Der südafrikanischen Regierung kann jedoch nicht abgesprochen werden, daß sie sich um eine größere Eigenständigkeit der afrikanischen Staaten hinsichtlich von Entscheidungen, die den afrikanischen Kontinent direkt betreffen, bemüht. Seit Jahren fordern die Afrikaner eine Reform des UN-Sicherheitsrats, damit ihnen mindestens ein, wenn nicht sogar zwei feste Sitze zufallen. Auch nach Beginn der NATO-Luftangriffe auf Libyen haben Südafrika und die AU immer wieder versucht, Einfluß auf die Entwicklung in dem nordafrikanischen Land zu nehmen. Sollte es im höchsten Gremium der Welt noch einmal zu einer ähnlichen Konstellation kommen, dürfte die Regierung in Tshwane (bis 2005: Pretoria) ihre Zustimmung zu einer Entscheidung, die absehbar auf einen Krieg hinausläuft, womöglich nicht mehr so leicht erteilen.

Wobei hierzu wiederum einschränkend angemerkt werden muß, daß die AU ihrerseits um einiges "robuster" auftritt - gemeint ist damit eine höhere Bereitschaft zu militärischen Interventionen - als die Vorgängerorganisation OAU (Organisation für Afrikanische Einheit; am 9. Juli 2002 offiziell von der AU abgelöst), hatte sich diese doch einer Nichteinmischungspolitik befleißigt. Das brachte ihr bei interventionistisch orientierten Staaten den Ruf eines zahnlosen Tigers ein. Während sich aber die OAU verpflichtet hatte, die afrikanischen Staaten dabei zu unterstützen, das schwere Erbe der Kolonialzeit zu überwinden, macht sich die AU dafür stark, Afrika in den Weltmarkt zu integrieren, also der globalen Staatenkonkurrenz auszusetzen. Das entspricht allzu häufig der Auslieferung an neokoloniale Ausbeutungsformen, an denen dann die jeweilige nationale Elite zu Lasten der verarmten Bevölkerungsmehrheit partizipiert.
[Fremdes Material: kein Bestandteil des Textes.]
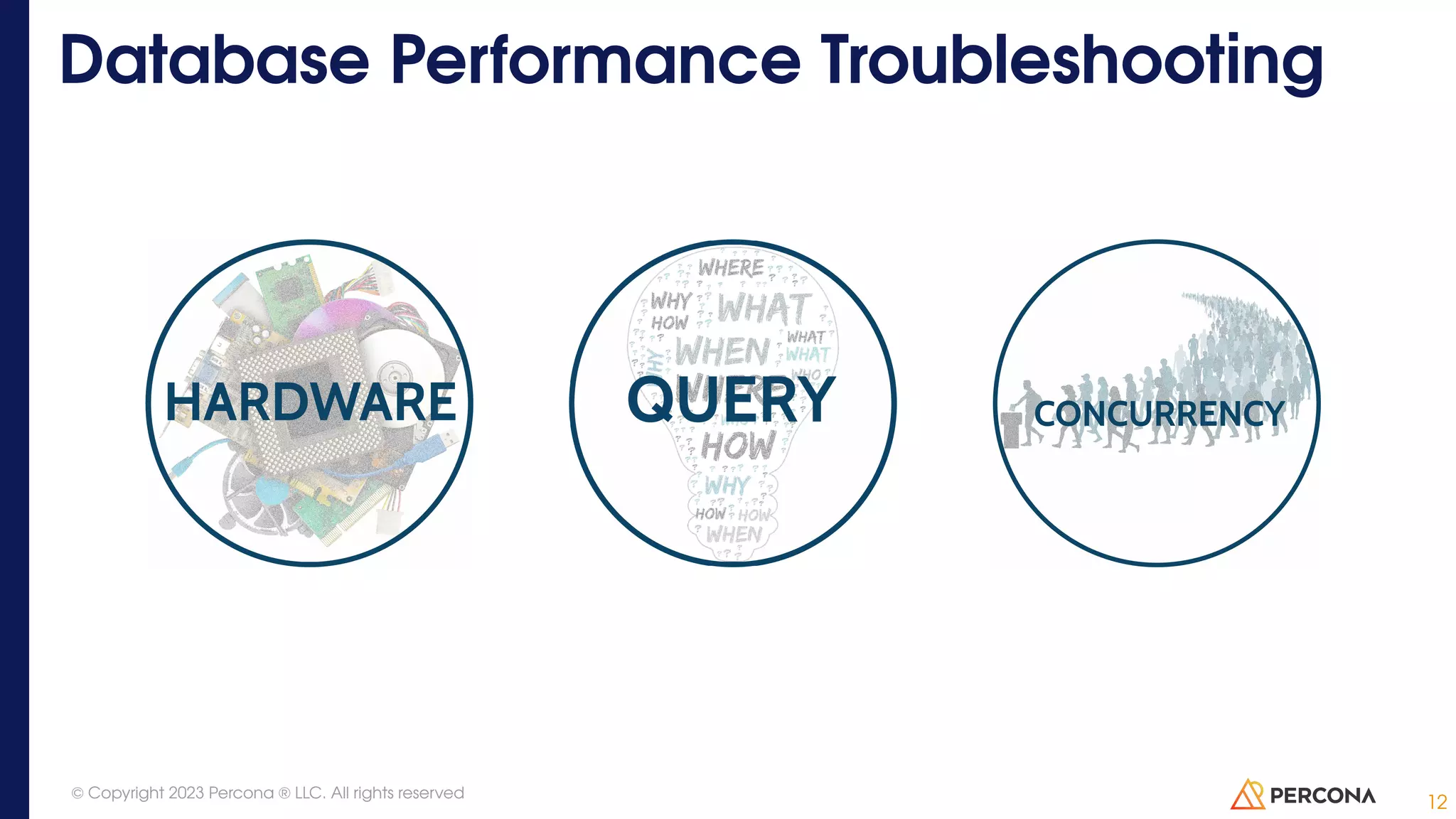 Database Performance Troubleshooting 12 © Copyright 2023 Percona ® LLC. All rights reserved 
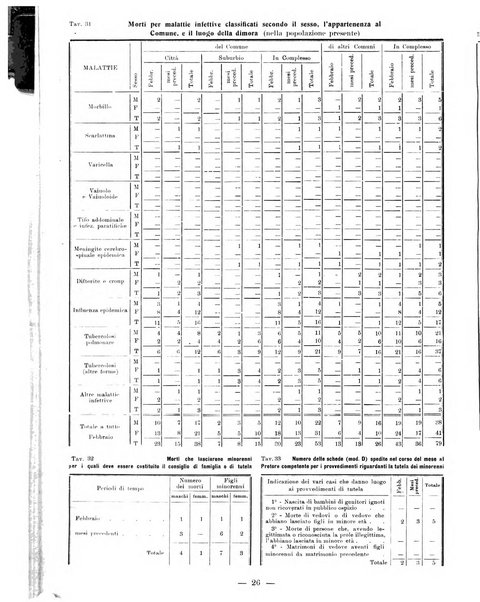 Bollettino statistico mensile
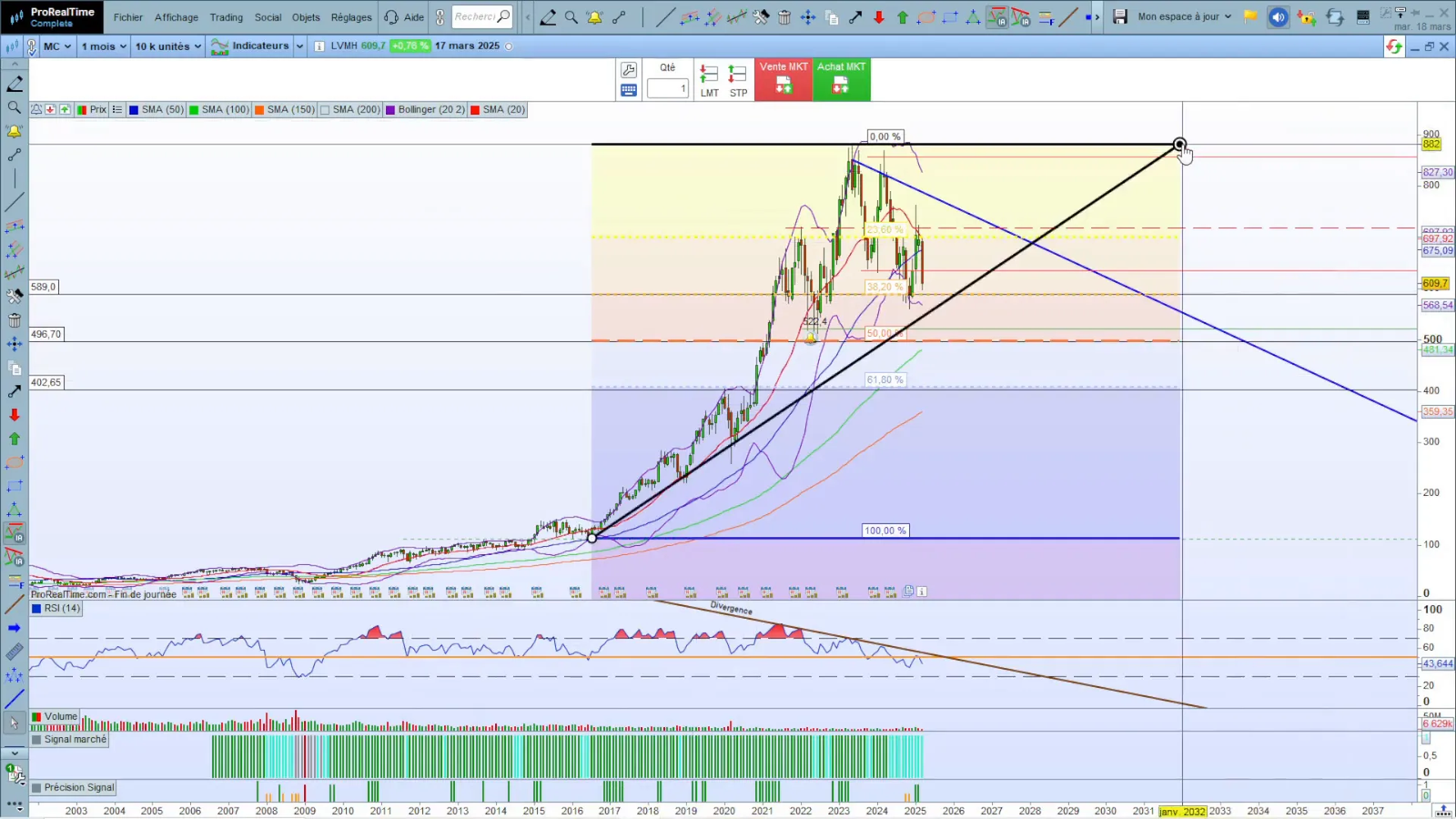 Supports et résistances de l'action LVMH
Mit der AU-Mission für Somalia (Amisom) wird sogar zugunsten einer Regierung militärisch interveniert, die von den äthiopischen Streitkräften gewaltsam an die Macht gebracht worden war und sich niemals ohne fremde Hilfe - heute durch knapp zehntausend Soldaten aus Uganda und Burundi und seit kurzem auch Dschibuti - halten könnte.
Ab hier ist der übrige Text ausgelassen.